Siempre he hablado. Desde niña, me gané regaños por contestona, por esa necesidad visceral de responder cuando algo huele a mentira o, peor aún, a injusticia. La palabra ha sido mi arma y mi refugio, el eco de una rebeldía que nunca supo arrodillarse. Pero hay momentos en los que hasta los ecos se apagan, no por voluntad, sino porque el aire que los lleva se ha vuelto demasiado denso, demasiado peligroso.
Twitter —ahora X— era uno de esos lugares donde mi esencia respiraba libre. Un espacio para la indignación, la ironía, la discusión sin tapujos.

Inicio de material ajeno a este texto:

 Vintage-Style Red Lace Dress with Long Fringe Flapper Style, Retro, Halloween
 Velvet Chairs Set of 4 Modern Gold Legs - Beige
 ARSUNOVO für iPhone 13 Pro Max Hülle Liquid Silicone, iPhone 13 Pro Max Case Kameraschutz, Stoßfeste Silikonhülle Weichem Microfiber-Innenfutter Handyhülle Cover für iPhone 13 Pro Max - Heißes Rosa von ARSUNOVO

Pero en Venezuela, hasta el acceso a la plataforma es un acto de resistencia: VPNs, conexiones que fallan, la molestia constante de saltar muros digitales solo para decir lo que en otros países se dice sin pensar. Y sin embargo, eso no es lo más grave. Lo peor es cuando el miedo se te cuela entre las letras, cuando revisas dos, tres veces un tuit antes de publicarlo, no por pudor, sino por calcular si esa opinión vale más que tu libertad. La autocensura es un veneno lento. Empieza como un susurro —*"mejor no"*— y termina convirtiéndose en un hábito.

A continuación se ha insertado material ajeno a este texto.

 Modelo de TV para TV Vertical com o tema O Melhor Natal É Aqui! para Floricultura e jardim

Los grupos de WhatsApp, antes campos abiertos de debate, ahora son terrenos minados: mensajes efímeros, audios que se autodestruyen, fotos que desaparecen. No por proteger intimidades, sino por borrar huellas. Porque en este país, un comentario puede ser "incitación al odio", una crítica económica, "terrorismo", y una franela con consignas, prueba suficiente para desaparecer entre rejas. Demasiados amigos se han vuelto sombras. Los agarran de madrugada, los encapuchan, los arrastran a celdas sin nombre. Y lo más aterrador no es la arbitrariedad, sino la normalización. *"Está en el Helicoide"*, *"lo vi en SEBIN"* —como si fueran direcciones de restaurantes y no estaciones del horror.
Los economistas ya no hablan de inflación, los profesores miden cada ejemplo, los artistas calculan cada metáfora. El silencio se viste de prudencia, pero es miedo puro. Me resisto. Me niego a que este ahogo se vuelva costumbre. Tal vez la salida sea escribir sin nombre, inventar un alter ego, dejar que mis palabras viajen en la voz de otros, los que están lejos de estas garras. Porque lo que aquí ocurre no puede quedarse en murmullos. El terror se alimenta del silencio, y aunque el miedo me obligue a bajar la voz, no logrará que cierre la boca. Al fin y al cabo, siempre he sido de hablar. Y eso, en tiempos de censura, es un acto de terquedad. O de supervivencia.